The policy itself is self-describing: every constant it needs (joint order, K_p, K_d, default pose, action scale, observation terms, dataset id, tick rate) is baked into the ONNX's custom_metadata_map. prepare transcodes that metadata into the overlay, so the ONNX stays the single source of truth — you don't write any of this into YAML.

Step 1 — Bring up MuJoCo

The same launch as the previous tutorial, no gamepad needed:

ros2 launch humanoid_bringup_lite mujoco.launch.py

Wait for zero_torque_controller to come active.

Step 2 — Walk to STANDBY

rl_policy_controller expects the arms in a sane starting pose. Walk the FSM up to STANDBY. In a second terminal, drop into the env:

cd humanoid_control_ws
pixi shell

Then drive the FSM through mode_manager's trigger services (the same transitions the gamepad would fire):

# Gamepad equivalents, if you have one:
#   X    → DAMP
#   L1+A → LOAD_A (STANDBY, Pose A); wait ~4 s for is_finished:true
#   L1+B → LOAD_B (STANDBY, Pose B) — an alternate pose; either pose
#          can start either policy
#
ros2 service call /humanoid_control/mode/damp std_srvs/srv/Trigger
ros2 service call /humanoid_control/mode/load_a std_srvs/srv/Trigger

# Wait for is_finished:
ros2 topic echo /standby_controller_a/state
# ... is_finished: true

Step 3 — Prepare and load the policy

In a third terminal:

# Option (a): local ONNX
ros2 launch humanoid_control_policy lite_policy.launch.py \
    checkpoint_file:=/path/to/policy.onnx

# Option (b): W&B run path (downloads + caches to ~/.cache/humanoid_control_policy/wandb/)
ros2 launch humanoid_control_policy lite_policy.launch.py \
    wandb_run_path:=IsaacLab-Training/mjlab/<run_id>

# Option (c): W&B run with a specific checkpoint pinned
ros2 launch humanoid_control_policy lite_policy.launch.py \
    wandb_run_path:=IsaacLab-Training/mjlab/<run_id> \
    wandb_checkpoint_name:=model_4000.onnx

The task family is selected by the ONNX task_type metadata — there is no task:= argument. (lite_tracking.launch.py is kept as a thin pass-through alias for the launch-policy-tracking pixi task.)

What happens behind the scenes:

The launch runs humanoid_control_policy prepare synchronously as a one-shot step (no long-lived Python node), which:
- resolves the checkpoint to a local file via checkpoint_loader.resolve_checkpoint (downloading from W&B if needed, ~1 s once cached);
- parses the ONNX custom_metadata_map. You'll see logs like:
```
[prepare] checkpoint : /path/to/policy.onnx
[prepare] task_type  : tracking
[prepare] motion bag : ~/.cache/humanoid_control_policy/launch/motion_tracking_ep0 (240 frames, 2 bodies)
[prepare] overlay    : ~/.cache/humanoid_control_policy/launch/rl_policy_params.yaml
```
- pulls the LeRobot reference motion (parquet shards from HF Hub) keyed off episode_index and converts the chosen episode into a single-episode rosbag2 .mcap motion bag;
- emits an rl_policy_controller parameter overlay (rl_policy_params.yaml) transcoded from the ONNX metadata, pointing the controller at both the .onnx and the .mcap.
The launch then loads rl_policy_controller into the running controller_manager inactive, with that overlay.

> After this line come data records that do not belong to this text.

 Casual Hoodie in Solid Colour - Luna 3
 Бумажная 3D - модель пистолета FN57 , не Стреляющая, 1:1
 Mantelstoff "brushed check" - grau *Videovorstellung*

At this point the controller is loaded but not active, so nothing changes physically. The in-process RLPolicyController does its own ONNX inference and reads /lite/joint_states and /imu/data locally once activated — there is no command topic to publish.

Step 4 — STANDBY → START_LOCOMOTION

Wait for is_finished: true in /standby_controller_a/state, then activate the policy through the FSM (in the FSM-walk terminal, inside pixi shell):

ros2 service call /humanoid_control/mode/start_locomotion std_srvs/srv/Trigger

(Gamepad equivalent: R1 + A.) mode_manager switches the active controller to rl_policy_controller. The motors immediately track the policy — in MuJoCo you'll see the arms move through the tracking dataset.

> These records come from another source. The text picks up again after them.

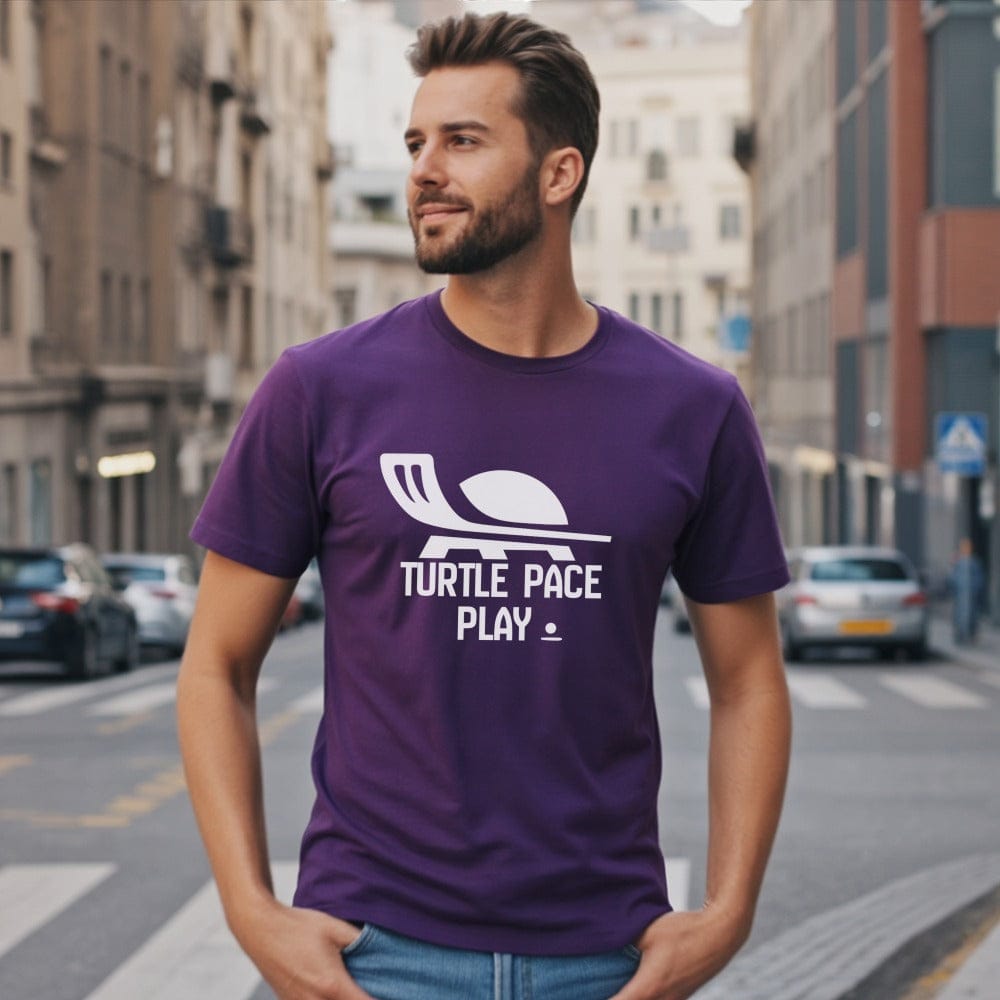 Turtle Pace Play Graphic Tee for Casual Fashion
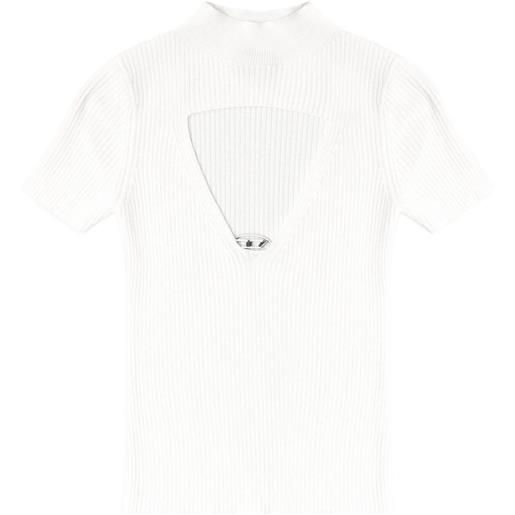 Diesel t-shirt m-olive - bianco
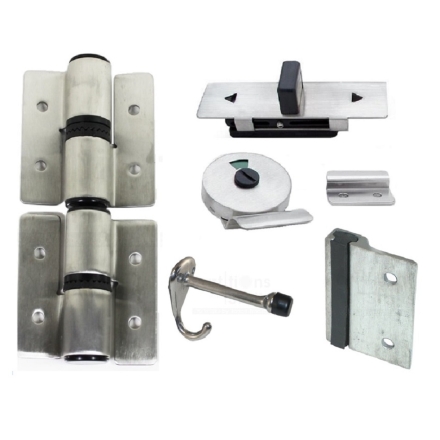 Stainless Steel Surface Mounted Door Kit 1" or 3/4"
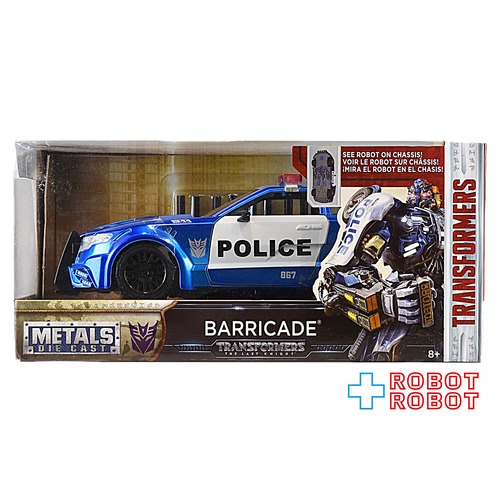 JADA TOYS メタルズ・ダイキャスト トランスフォーマー 最後の騎士王 バリケード 1/24 ダイキャストビークル 未開封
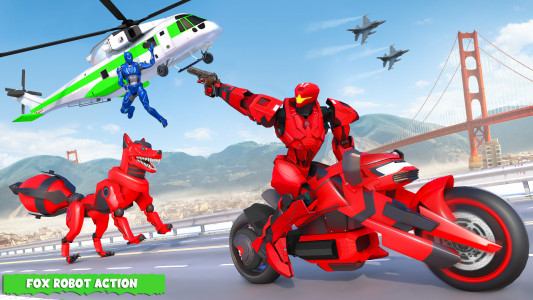 اسکرین شات برنامه Fox Robot Transform Bike Game 8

Verify the controller is active:

ros2 topic echo --once /control_mode
# mode: 3   (LOCOMOTION)
# controller_name: rl_policy_controller

If the ONNX returns a non-finite action, RLPolicyController returns ERROR and the controller_manager falls back to damping_controller (see Concepts → Safety pipeline).

Step 5 — Inspect the data flow

The policy runs entirely in-process, so the observation inputs are the two always-on streams the controller reads locally:

ros2 topic hz /lite/joint_states   # joint state broadcaster (RT update rate)
ros2 topic hz /imu/data            # IMU, if the observation uses it
ros2 topic echo --once /control_mode   # confirm LOCOMOTION / rl_policy_controller

There is no MITCommand stream to inspect: inference, motion replay, and the command write all happen inside the RT update().

Step 6 — Shut down

DAMP first, then exit (still in the pixi shell terminal):

ros2 service call /humanoid_control/mode/damp std_srvs/srv/Trigger

# Then Ctrl+C the policy launch, then the bringup launch.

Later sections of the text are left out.